▶ **Exercise description**: Repeat the listing word for word, but skip any pictures.

▶ **Dataset section**:
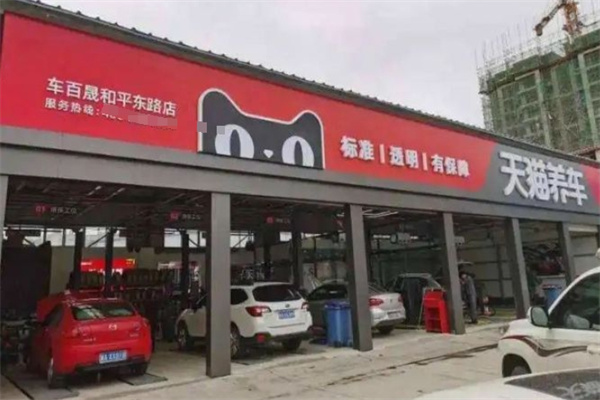 天猫养车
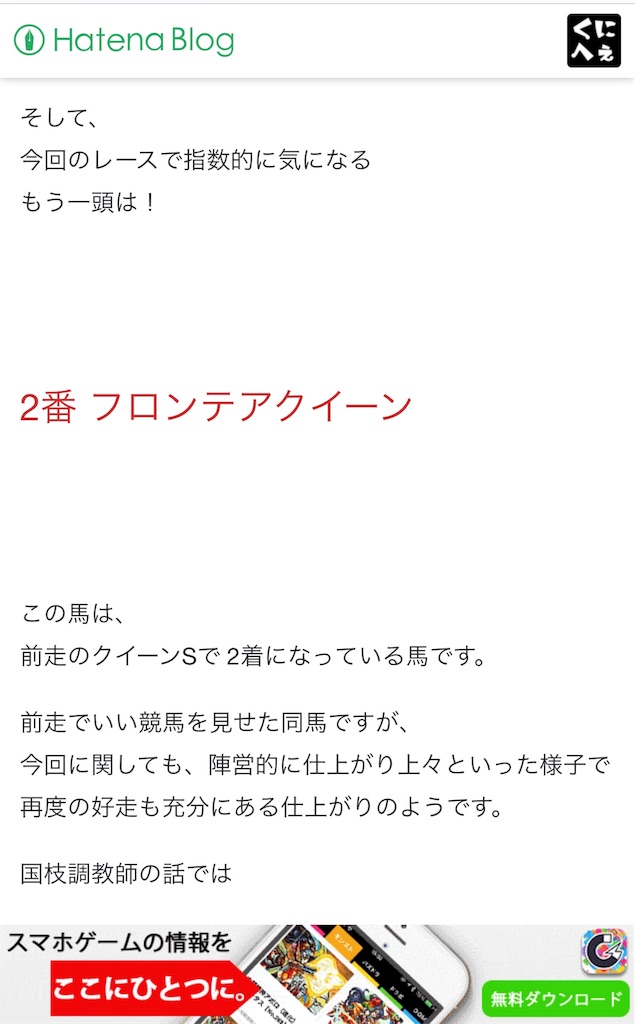 f:id:dms171:20181013181732j:image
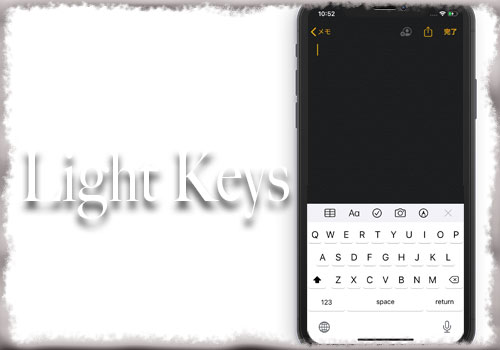 Light Keys キーボードの背景を 真っ白 に変更 真っ白すぎて目が Jbapp Tools 4 Hack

▶ **Answer to this task**:
 天猫养车
 f:id:dms171:20181013181732j:image
 Light Keys キーボードの背景を 真っ白 に変更 真っ白すぎて目が Jbapp Tools 4 Hack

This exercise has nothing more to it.